Activity:
Repeat exactly the lines below, from the line containing "Silvia Vassileva Islands" through the last line, both included. Leave out any pictures.

Data provided:
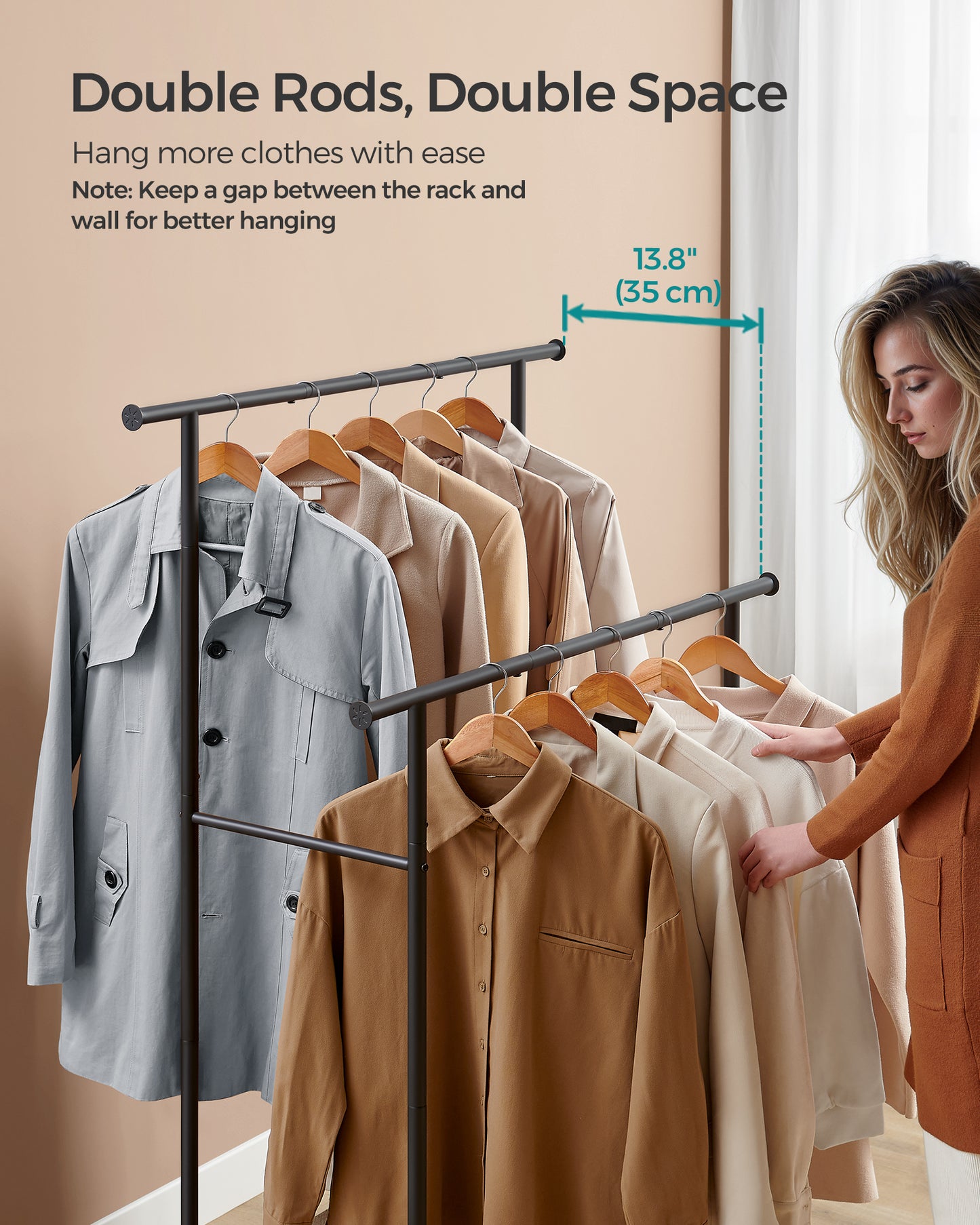 Garment Rack on Wheels, 38.8 Inch Double-Rod Rack for Clothes Hanging, with Shelf in Rustic Brown and Ink Black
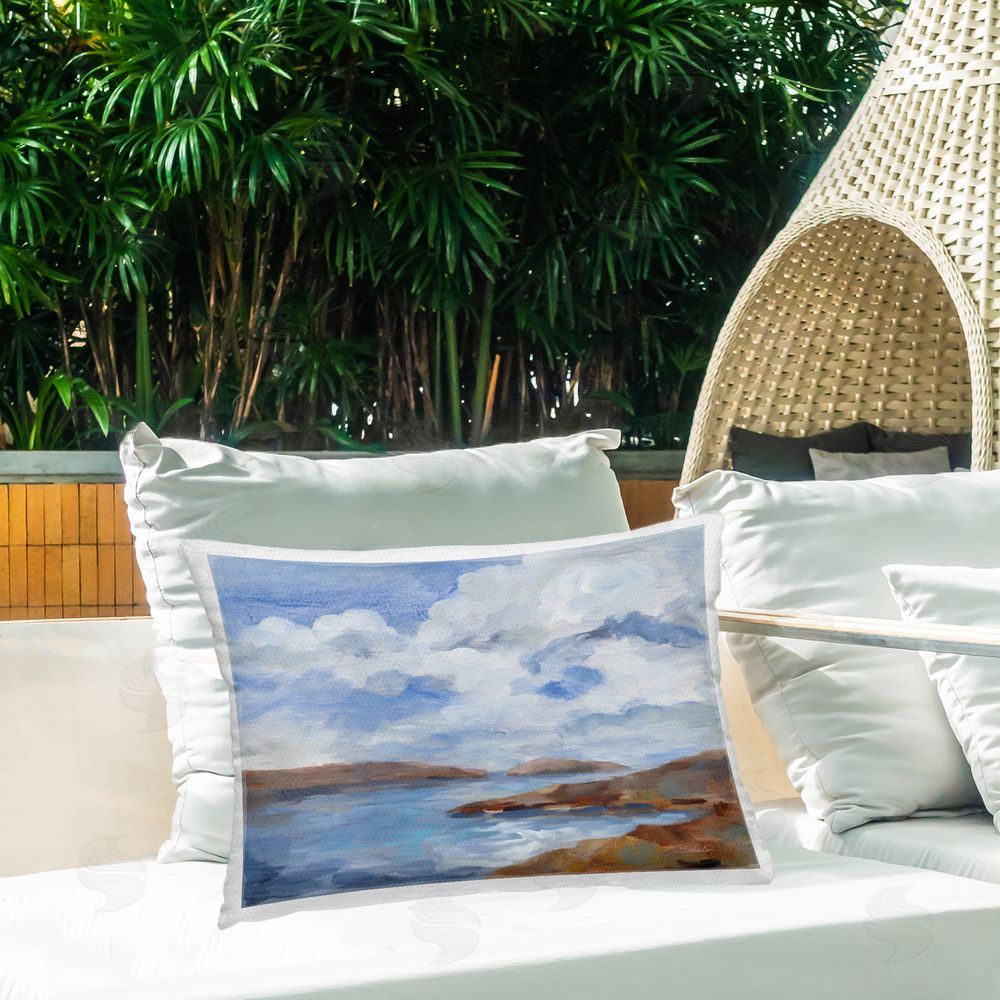 Silvia Vassileva Islands Beach View Outdoor Quick-Dry Polyester Printed Throw Pillow in Back Yard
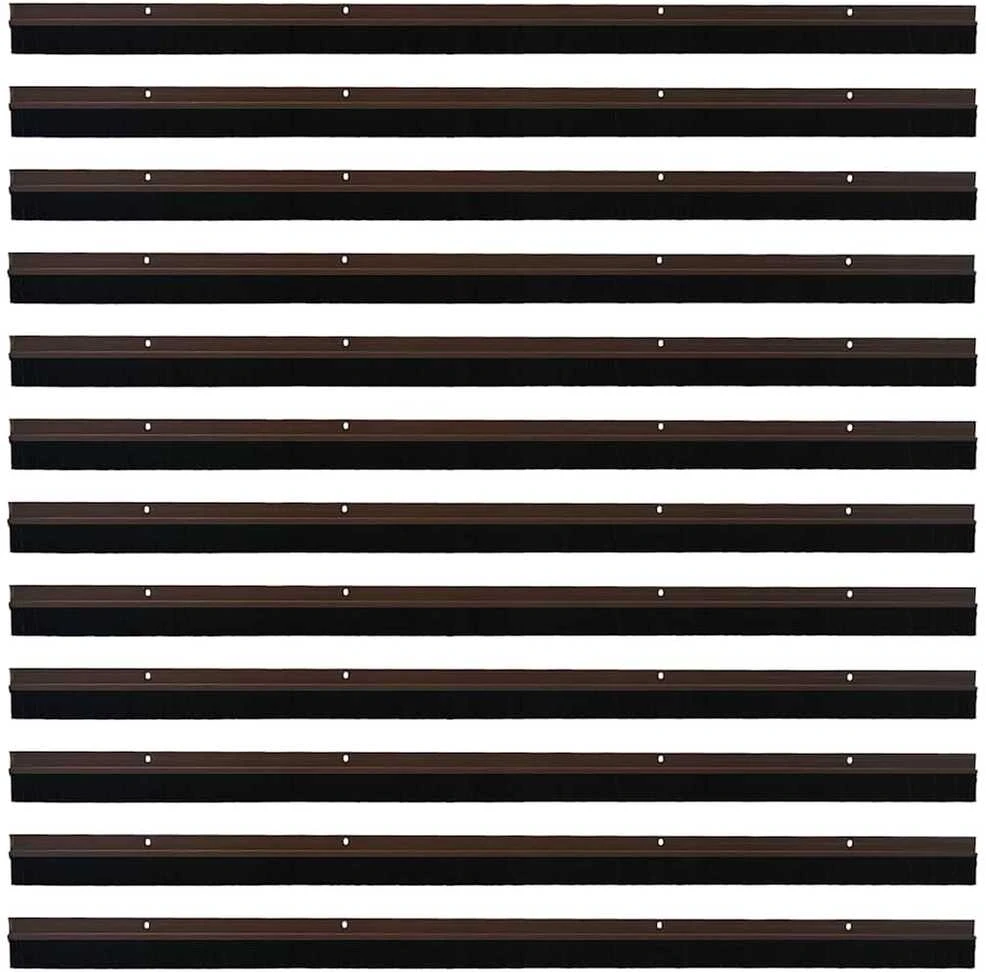 Sukabinamų durų šepetėlių sandarikliai 12 vnt. Ruda 100 cm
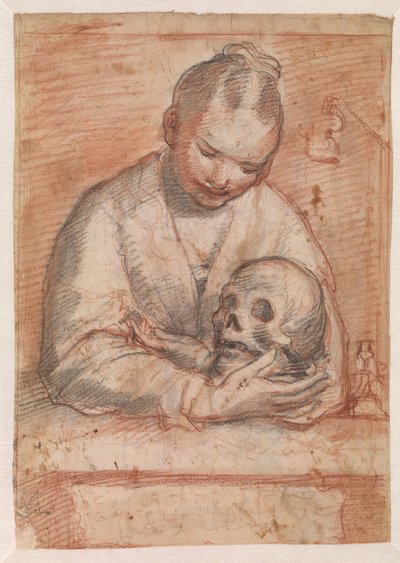 St Mary Magdalen with a Skull in Her Arms by Alessandro Casolani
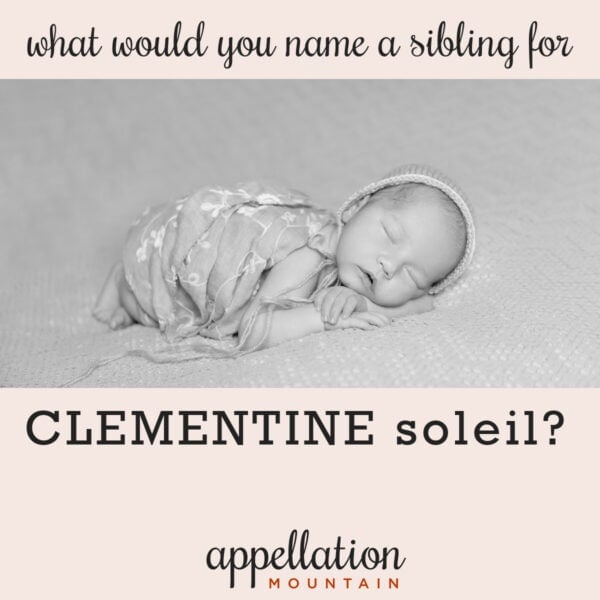 newborn sleeping on side wrapped in blanket and wearing cap; names like Clementine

Your response:
 Silvia Vassileva Islands Beach View Outdoor Quick-Dry Polyester Printed Throw Pillow in Back Yard
 Sukabinamų durų šepetėlių sandarikliai 12 vnt. Ruda 100 cm
 St Mary Magdalen with a Skull in Her Arms by Alessandro Casolani
 newborn sleeping on side wrapped in blanket and wearing cap; names like Clementine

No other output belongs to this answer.